Who were you yesterday as you fell asleep? Who were you when you woke up this morning? Was it deja vu, an intentional choice or did you just let go and let it flow from your center? I am personally a pro at options one and two. The days I woke up heart-weary I would hit ‘repeat’ and go through the motions. The days I woke up with intention, I would force and wrestle everything inside me like a little self-dictator.
Apparently I couldn’t differentiate between self-evaluation and devaluation.
I fell into option three when I gave up.
Surrendered the results of every freaking thing.
Waved the white flag.
I woke up in my beautiful, cozy bed and before I moved a muscle I pulled everything good into me. Every little thing. I held it to me hand to heart until I knew it would stay. I heard the soft huffs of pup breathing as they popped their heads over the edge of my bed as if to say, ‘good morning’ or ‘we love you’ or ‘hey, we have to pee’. Maybe it was all three rolled into one.
I was still breathing. That meant something.

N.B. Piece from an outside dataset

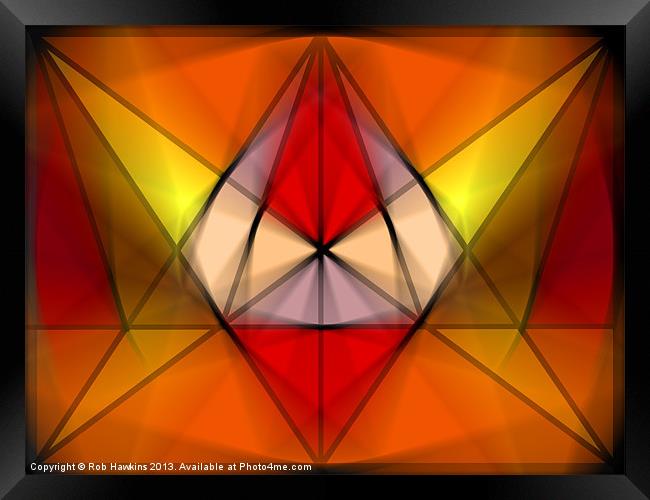 Stained Triangulate Framed Print by Rob Hawkins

I stopped wondering what I was doing wrong, because that’s what I was doing wrong. I heard somewhere that when we realize the distance between the life we’re living and who we really are inside we expect the epiphany of it to sound like angels and harps, when it really sounds like rage.
It’s pointless and damaging to hold anger at ourselves when the simple fact is that where we are is simply where we are. It’s just a point from which we can flow forward into just being and enjoying who we are becoming as we unfold it before us.
It’s really that simple if we quit making it complicated.
If we add all the memes together, we are a dramatic chaos of emotional stardust. Please. I submit for pondering that we are to be the truth of our souls shining from these bodies we’ve been given for such a short time. We’re supposed to add who we are to the world, not drive it up the wall.
Does what we offer inspire hand-clapping or re-gifting? Do we justify or adjust frantic living? Do we remain frustrated and overwhelmed, or begin cooperating with ourselves for a change?
Life meets us where we stand, and gives us back who we show ourselves to be.
So…a chaos of emotional stardust, or a soul shining…
Boy, that’s a tough one.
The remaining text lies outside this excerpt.